> RECORDS PROVIDED
=======

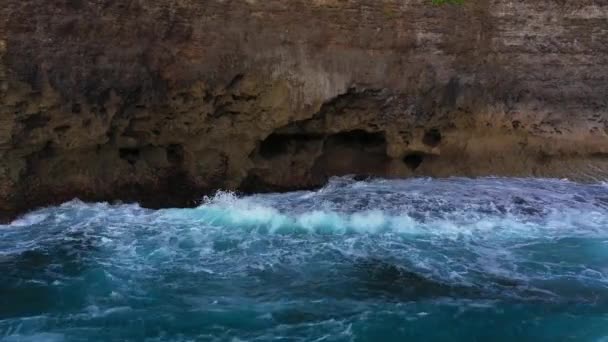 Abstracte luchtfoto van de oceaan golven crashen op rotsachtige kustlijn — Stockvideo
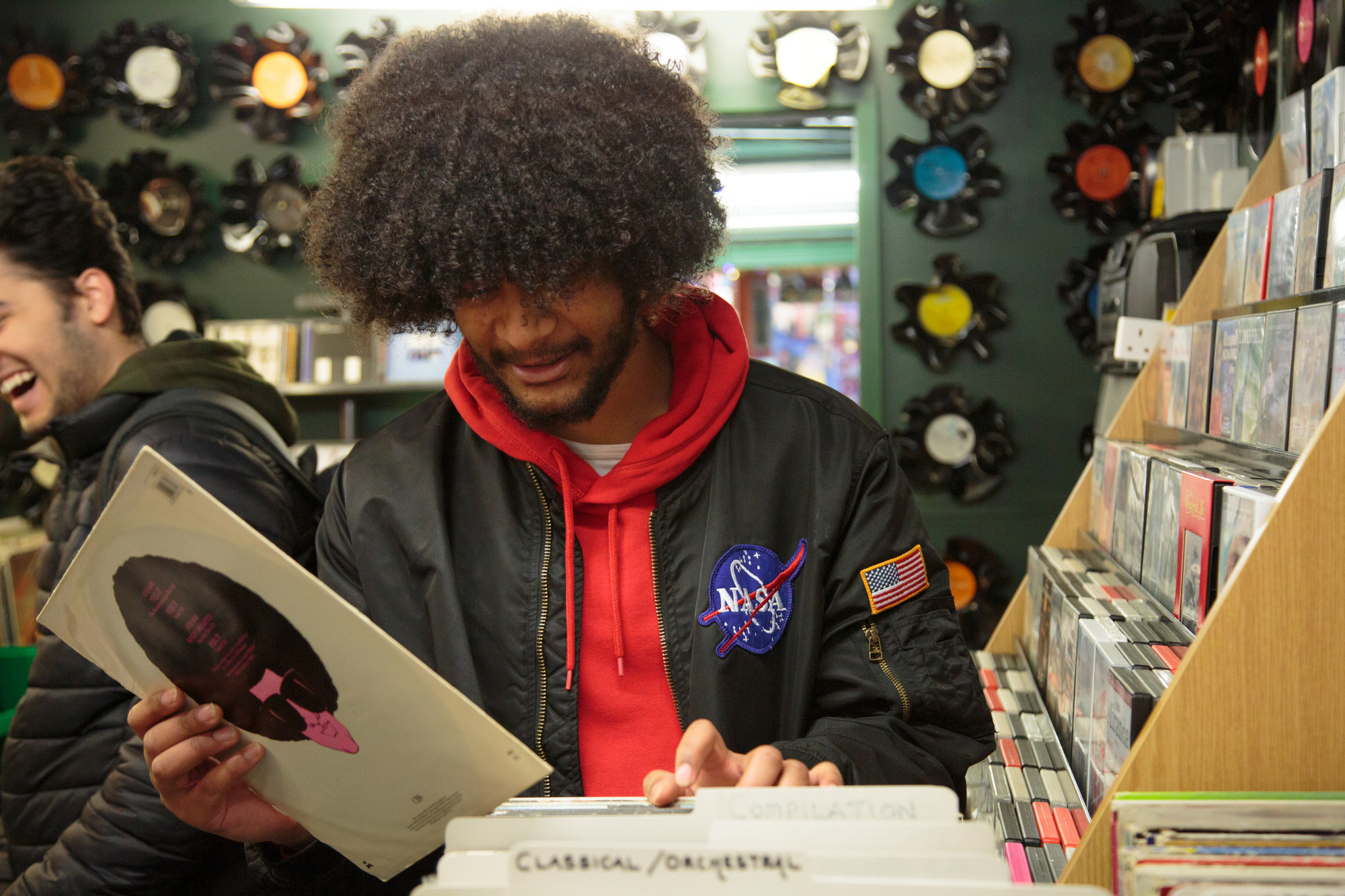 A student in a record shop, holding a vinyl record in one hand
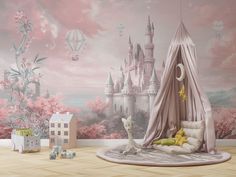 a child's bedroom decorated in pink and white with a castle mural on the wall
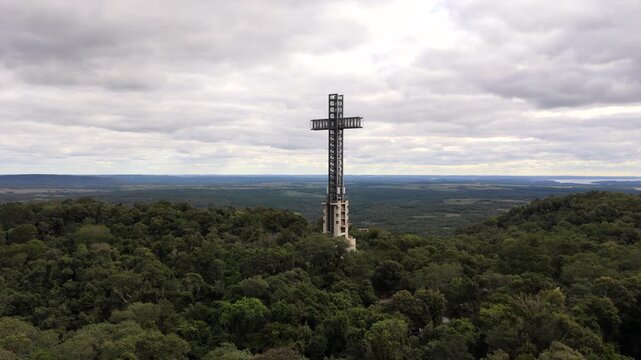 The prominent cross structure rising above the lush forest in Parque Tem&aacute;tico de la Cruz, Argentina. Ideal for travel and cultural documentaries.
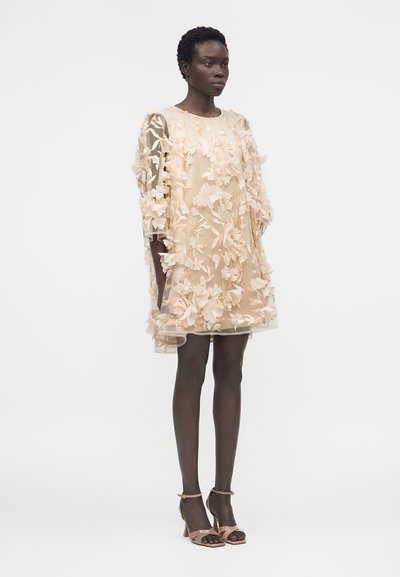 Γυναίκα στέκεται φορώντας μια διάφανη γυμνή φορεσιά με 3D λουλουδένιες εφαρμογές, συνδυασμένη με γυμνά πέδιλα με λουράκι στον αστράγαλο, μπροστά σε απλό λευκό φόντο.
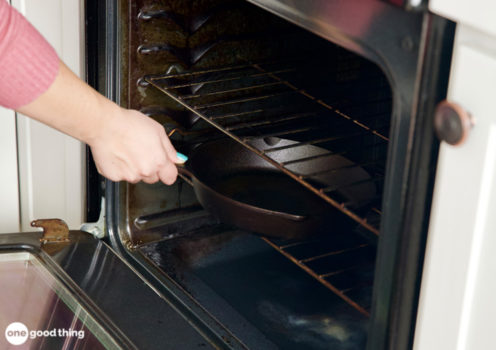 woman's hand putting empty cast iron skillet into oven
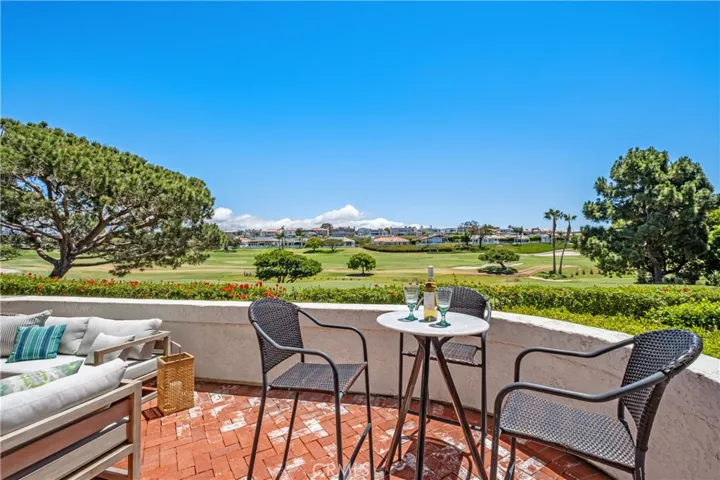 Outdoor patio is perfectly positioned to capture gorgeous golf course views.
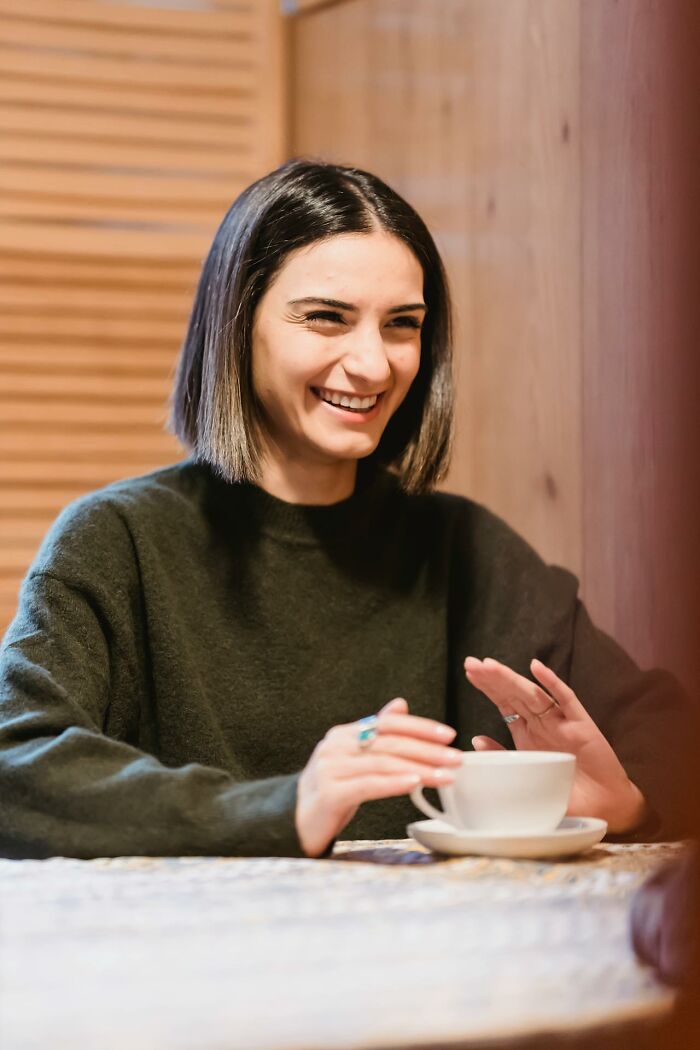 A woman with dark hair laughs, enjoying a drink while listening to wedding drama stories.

=======

> WORK ORDER
Only the lines above starting with the line with "A student in" and going on through the line with "Outdoor patio is" belong in the answer; repeat them exactly, minus any picture.

> WRITTEN ANSWER
 A student in a record shop, holding a vinyl record in one hand
 a child's bedroom decorated in pink and white with a castle mural on the wall
 The prominent cross structure rising above the lush forest in Parque Tem&aacute;tico de la Cruz, Argentina. Ideal for travel and cultural documentaries.
 Γυναίκα στέκεται φορώντας μια διάφανη γυμνή φορεσιά με 3D λουλουδένιες εφαρμογές, συνδυασμένη με γυμνά πέδιλα με λουράκι στον αστράγαλο, μπροστά σε απλό λευκό φόντο.
 woman's hand putting empty cast iron skillet into oven
 Outdoor patio is perfectly positioned to capture gorgeous golf course views.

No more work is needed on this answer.